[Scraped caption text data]

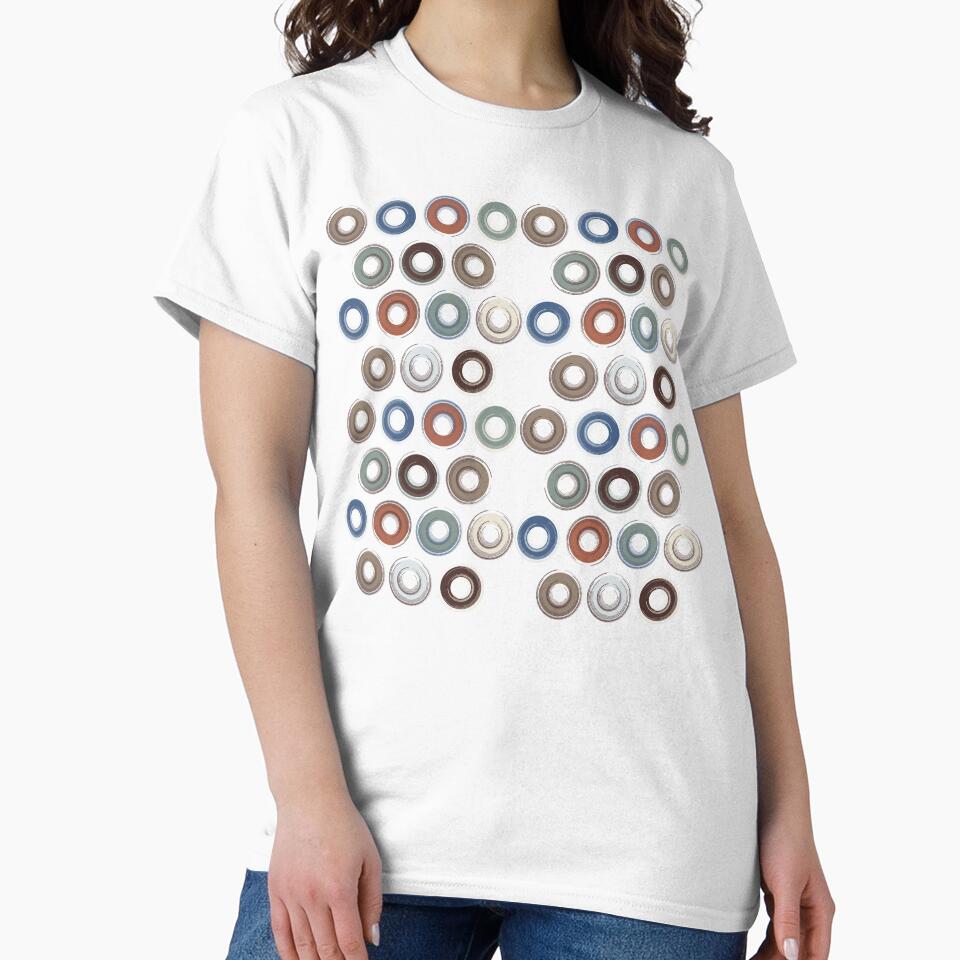 Earth Tone Circles on Denim Blue by TanglePatch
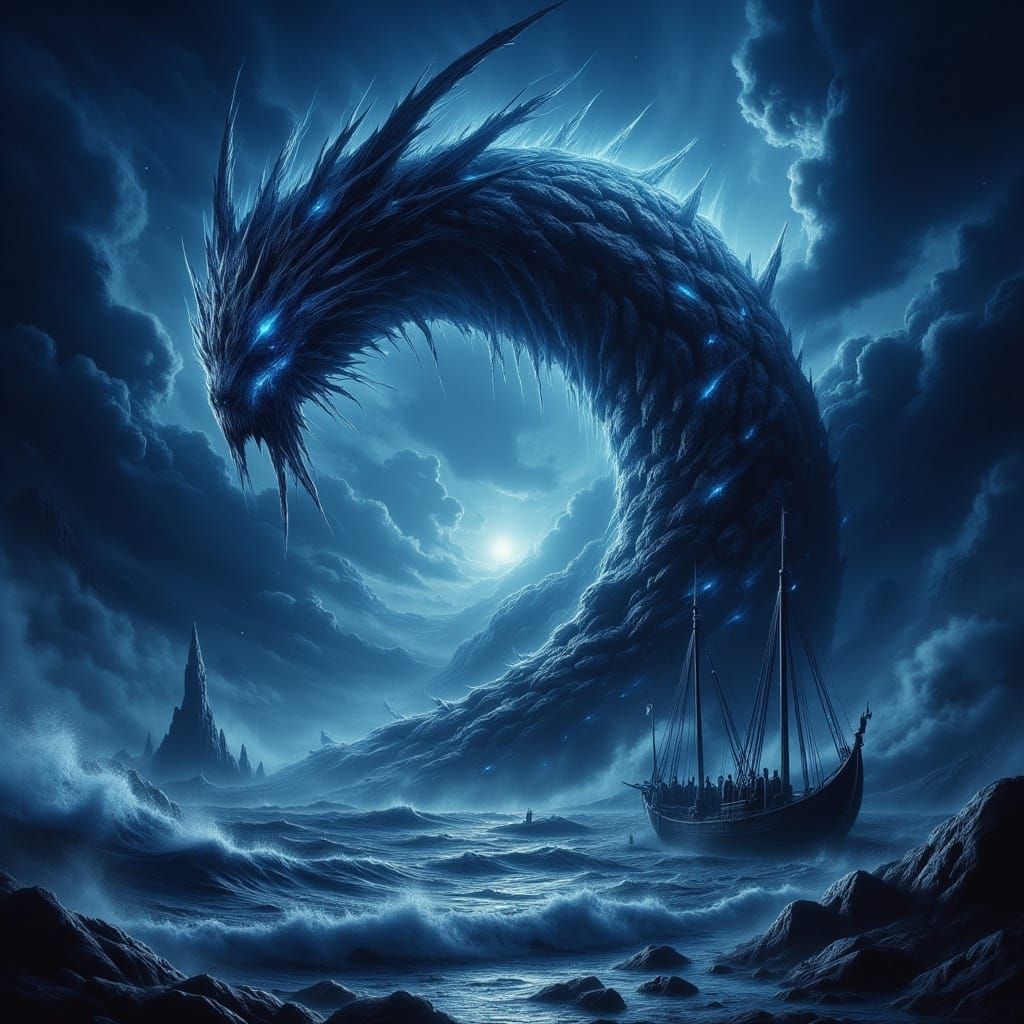 Cosmic Horror: Midgard Serpent Rises from Dark Depths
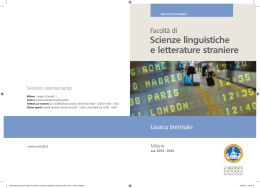 Opuscolo Laurea triennale Scienze linguistiche e Letterature straniere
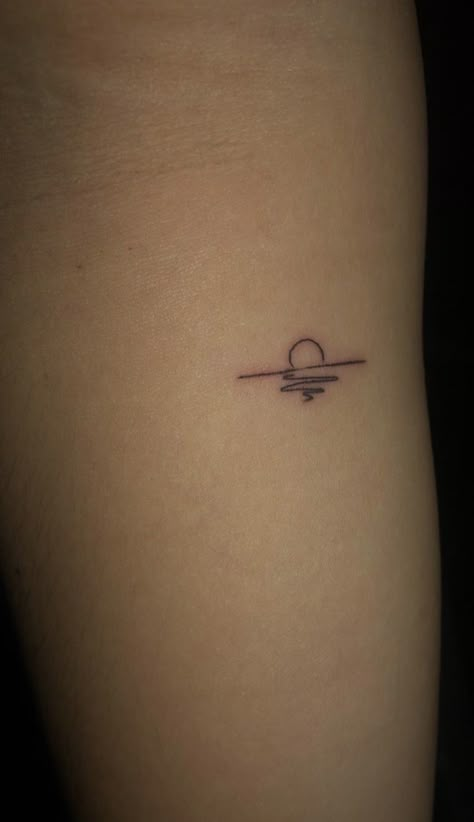 Sail Across The Sun Tattoo, Peace Like A River Tattoo, Dainty Sea Tattoos, Dainty Water Tattoos, Storm Tattoo Minimalist, Minimalistic Sunset Tattoo, Dainty Line Work Tattoo, Sunset Wave Tattoo, Small Line Work Tattoo Simple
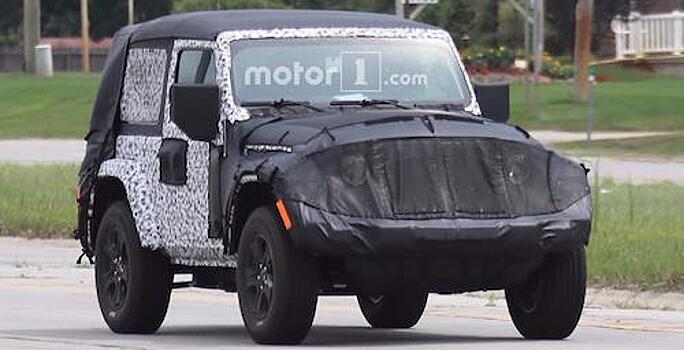Двухдверный Jeep Wrangler 2018 сфотографировали на тестах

**The problem:**
Word for word, return all the entries and skip their pictures.

**Result:**
 Earth Tone Circles on Denim Blue by TanglePatch
 Cosmic Horror: Midgard Serpent Rises from Dark Depths
 Opuscolo Laurea triennale Scienze linguistiche e Letterature straniere
 Sail Across The Sun Tattoo, Peace Like A River Tattoo, Dainty Sea Tattoos, Dainty Water Tattoos, Storm Tattoo Minimalist, Minimalistic Sunset Tattoo, Dainty Line Work Tattoo, Sunset Wave Tattoo, Small Line Work Tattoo Simple
Двухдверный Jeep Wrangler 2018 сфотографировали на тестах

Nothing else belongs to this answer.